Auxiliary definition for SMul.comp, MulAction.compHom, DistribMulAction.compHom, Module.compHom, etc.

Equations

• SMul.comp.smul g n a = g n • a

def VAdd.comp.vadd {M : Type u_1} {N : Type u_2} {α : Type u_5} [VAdd M α] (g : N → M) (n : N) (a : α) : α

Auxiliary definition for VAdd.comp, AddAction.compHom, etc.

Equations

• VAdd.comp.vadd g n a = g n +ᵥ a

@[reducible, inline]

abbrev SMul.comp {M : Type u_1} {N : Type u_2} (α : Type u_5) [SMul M α] (g : N → M) : SMul N α

An action of M on α and a function N → M induces an action of N on α.

Equations

• SMul.comp α g = { smul := SMul.comp.smul g }

@[reducible, inline]

abbrev VAdd.comp {M : Type u_1} {N : Type u_2} (α : Type u_5) [VAdd M α] (g : N → M) : VAdd N α

An additive action of M on α and a function N → M induces an additive action of N on α.

Equations

• VAdd.comp α g = { vadd := VAdd.comp.vadd g }

theorem SMul.comp.isScalarTower {M : Type u_1} {N : Type u_2} {α : Type u_5} {β : Type u_6} [SMul M α] [SMul M β] [SMul α β] [IsScalarTower M α β] (g : N → M) : IsScalarTower N α β

Given a tower of scalar actions M → α → β, if we use SMul.comp to pull back both of M's actions by a map g : N → M, then we obtain a new tower of scalar actions N → α → β.

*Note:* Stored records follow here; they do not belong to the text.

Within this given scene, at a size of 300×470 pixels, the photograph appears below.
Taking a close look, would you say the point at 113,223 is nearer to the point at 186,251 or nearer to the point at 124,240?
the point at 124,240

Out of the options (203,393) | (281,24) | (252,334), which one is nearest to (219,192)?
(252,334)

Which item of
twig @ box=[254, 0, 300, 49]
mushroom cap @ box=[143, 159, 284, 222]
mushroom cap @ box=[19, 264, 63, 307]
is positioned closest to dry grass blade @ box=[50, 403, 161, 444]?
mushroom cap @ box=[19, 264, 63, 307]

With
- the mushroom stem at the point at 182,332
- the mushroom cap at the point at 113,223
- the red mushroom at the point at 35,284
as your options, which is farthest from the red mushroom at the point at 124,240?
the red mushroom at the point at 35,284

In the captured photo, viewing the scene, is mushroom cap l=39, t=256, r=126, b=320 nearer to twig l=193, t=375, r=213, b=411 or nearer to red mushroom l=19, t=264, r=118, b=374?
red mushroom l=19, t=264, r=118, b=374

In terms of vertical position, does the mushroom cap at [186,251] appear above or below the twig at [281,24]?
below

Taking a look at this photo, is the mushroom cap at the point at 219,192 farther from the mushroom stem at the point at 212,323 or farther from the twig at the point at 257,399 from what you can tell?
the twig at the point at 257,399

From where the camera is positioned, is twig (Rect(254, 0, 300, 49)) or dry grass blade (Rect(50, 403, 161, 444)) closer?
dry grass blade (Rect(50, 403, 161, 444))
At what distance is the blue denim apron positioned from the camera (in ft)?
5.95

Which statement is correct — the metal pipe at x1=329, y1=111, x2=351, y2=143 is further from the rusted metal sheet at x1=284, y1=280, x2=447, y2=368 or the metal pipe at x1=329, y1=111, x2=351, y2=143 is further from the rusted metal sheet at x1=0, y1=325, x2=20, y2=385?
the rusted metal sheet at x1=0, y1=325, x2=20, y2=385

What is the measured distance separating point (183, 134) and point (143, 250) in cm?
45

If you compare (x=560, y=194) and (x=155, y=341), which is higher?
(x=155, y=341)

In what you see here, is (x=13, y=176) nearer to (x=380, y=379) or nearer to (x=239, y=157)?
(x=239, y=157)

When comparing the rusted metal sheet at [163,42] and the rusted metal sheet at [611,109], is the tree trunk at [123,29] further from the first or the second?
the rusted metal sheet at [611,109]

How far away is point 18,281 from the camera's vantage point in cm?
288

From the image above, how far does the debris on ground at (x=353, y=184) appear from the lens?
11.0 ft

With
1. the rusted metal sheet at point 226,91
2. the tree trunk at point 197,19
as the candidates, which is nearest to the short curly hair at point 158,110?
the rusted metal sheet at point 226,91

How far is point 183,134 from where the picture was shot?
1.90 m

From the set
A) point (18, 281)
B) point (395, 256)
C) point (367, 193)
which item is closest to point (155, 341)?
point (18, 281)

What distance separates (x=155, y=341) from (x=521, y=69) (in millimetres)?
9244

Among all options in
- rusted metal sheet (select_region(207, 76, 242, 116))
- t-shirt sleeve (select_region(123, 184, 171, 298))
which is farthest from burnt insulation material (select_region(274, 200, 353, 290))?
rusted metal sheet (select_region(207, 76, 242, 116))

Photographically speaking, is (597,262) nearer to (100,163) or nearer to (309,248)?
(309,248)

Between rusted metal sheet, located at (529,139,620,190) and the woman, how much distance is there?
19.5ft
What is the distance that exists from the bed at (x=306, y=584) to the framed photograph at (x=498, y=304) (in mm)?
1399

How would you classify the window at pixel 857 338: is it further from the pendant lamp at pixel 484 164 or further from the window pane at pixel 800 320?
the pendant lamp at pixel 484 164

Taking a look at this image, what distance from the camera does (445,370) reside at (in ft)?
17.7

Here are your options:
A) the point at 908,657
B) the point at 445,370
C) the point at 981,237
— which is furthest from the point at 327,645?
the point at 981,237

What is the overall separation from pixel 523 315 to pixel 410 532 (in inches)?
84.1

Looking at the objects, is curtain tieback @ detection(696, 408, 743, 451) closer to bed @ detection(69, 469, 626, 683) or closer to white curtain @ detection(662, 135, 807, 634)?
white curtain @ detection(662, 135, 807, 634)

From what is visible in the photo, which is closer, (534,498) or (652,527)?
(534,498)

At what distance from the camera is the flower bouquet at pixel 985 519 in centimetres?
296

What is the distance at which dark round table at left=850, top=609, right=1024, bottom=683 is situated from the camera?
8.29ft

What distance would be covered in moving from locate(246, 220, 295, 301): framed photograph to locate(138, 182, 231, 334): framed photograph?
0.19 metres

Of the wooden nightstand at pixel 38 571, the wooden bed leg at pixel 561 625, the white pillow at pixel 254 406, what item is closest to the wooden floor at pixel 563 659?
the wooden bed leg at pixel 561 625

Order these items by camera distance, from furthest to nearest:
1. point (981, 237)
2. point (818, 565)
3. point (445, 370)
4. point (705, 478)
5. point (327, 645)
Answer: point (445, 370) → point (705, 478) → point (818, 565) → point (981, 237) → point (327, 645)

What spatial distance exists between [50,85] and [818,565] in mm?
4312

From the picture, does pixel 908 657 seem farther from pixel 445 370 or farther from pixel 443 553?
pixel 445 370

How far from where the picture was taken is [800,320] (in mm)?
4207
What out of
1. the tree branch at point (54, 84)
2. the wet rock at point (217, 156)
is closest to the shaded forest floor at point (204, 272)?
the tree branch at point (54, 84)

This cannot be an instance because it can cause infinite loops whenever the SMul arguments are still metavariables.

theorem VAdd.comp.vaddAssocClass {M : Type u_1} {N : Type u_2} {α : Type u_5} {β : Type u_6} [VAdd M α] [VAdd M β] [VAdd α β] [VAddAssocClass M α β] (g : N → M) : VAddAssocClass N α β

Given a tower of additive actions M → α → β, if we use SMul.comp to pull back both of M's actions by a map g : N → M, then we obtain a new tower of scalar actions N → α → β.

This cannot be an instance because it can cause infinite loops whenever the SMul arguments are still metavariables.

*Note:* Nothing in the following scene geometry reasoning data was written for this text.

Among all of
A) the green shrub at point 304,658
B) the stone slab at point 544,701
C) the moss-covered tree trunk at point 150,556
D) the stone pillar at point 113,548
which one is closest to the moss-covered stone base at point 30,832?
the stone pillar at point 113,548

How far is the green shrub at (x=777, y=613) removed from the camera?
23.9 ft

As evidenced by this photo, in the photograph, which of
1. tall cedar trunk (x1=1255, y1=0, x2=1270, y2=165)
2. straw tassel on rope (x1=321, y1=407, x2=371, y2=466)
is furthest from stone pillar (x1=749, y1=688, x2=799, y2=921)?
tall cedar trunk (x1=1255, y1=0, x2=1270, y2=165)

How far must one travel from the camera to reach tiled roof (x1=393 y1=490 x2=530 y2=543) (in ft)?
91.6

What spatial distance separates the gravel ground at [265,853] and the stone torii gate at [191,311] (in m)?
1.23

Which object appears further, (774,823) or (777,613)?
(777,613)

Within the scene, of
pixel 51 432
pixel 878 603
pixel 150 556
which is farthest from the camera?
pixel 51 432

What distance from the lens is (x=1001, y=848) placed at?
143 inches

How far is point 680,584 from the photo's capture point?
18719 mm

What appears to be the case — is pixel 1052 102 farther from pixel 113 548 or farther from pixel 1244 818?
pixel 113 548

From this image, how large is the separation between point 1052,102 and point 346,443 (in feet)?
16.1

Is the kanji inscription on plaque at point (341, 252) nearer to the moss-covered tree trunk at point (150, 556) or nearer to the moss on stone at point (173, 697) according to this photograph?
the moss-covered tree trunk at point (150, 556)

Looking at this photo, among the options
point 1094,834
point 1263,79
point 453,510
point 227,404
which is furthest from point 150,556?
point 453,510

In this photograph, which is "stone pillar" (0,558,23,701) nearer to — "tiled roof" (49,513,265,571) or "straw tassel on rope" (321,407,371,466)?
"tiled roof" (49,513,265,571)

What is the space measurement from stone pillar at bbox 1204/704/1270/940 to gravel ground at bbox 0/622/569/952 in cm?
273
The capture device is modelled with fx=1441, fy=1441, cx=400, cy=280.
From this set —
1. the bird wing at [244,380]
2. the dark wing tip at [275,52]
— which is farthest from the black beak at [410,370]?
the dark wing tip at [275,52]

theorem SMul.comp.smulCommClass {M : Type u_1} {N : Type u_2} {α : Type u_5} {β : Type u_6} [SMul M α] [SMul β α] [SMulCommClass M β α] (g : N → M) : SMulCommClass N β α

This cannot be an instance because it can cause infinite loops whenever the SMul arguments are still metavariables.

theorem VAdd.comp.vaddCommClass {M : Type u_1} {N : Type u_2} {α : Type u_5} {β : Type u_6} [VAdd M α] [VAdd β α] [VAddCommClass M β α] (g : N → M) : VAddCommClass N β α

This cannot be an instance because it can cause infinite loops whenever the VAdd arguments are still metavariables.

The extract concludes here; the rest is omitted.